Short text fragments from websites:

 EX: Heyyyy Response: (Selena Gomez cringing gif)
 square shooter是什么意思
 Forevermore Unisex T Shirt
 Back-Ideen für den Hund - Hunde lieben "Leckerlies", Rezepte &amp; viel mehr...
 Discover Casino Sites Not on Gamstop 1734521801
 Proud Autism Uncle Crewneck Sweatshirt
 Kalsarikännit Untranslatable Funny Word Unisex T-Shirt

...

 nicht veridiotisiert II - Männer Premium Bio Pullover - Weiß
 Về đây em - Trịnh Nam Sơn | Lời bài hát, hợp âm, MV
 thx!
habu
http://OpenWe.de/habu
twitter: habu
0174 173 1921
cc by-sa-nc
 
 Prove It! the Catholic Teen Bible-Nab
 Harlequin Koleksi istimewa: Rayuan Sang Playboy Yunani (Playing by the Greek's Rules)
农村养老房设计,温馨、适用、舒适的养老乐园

### Problem statement
From the records above, copy out the line with "Proud Autism Uncle Crewneck Sweatshirt", the line with "Kalsarikännit Untranslatable Funny", and every line between them, word for word.

### Written answer
 Proud Autism Uncle Crewneck Sweatshirt
 Kalsarikännit Untranslatable Funny Word Unisex T-Shirt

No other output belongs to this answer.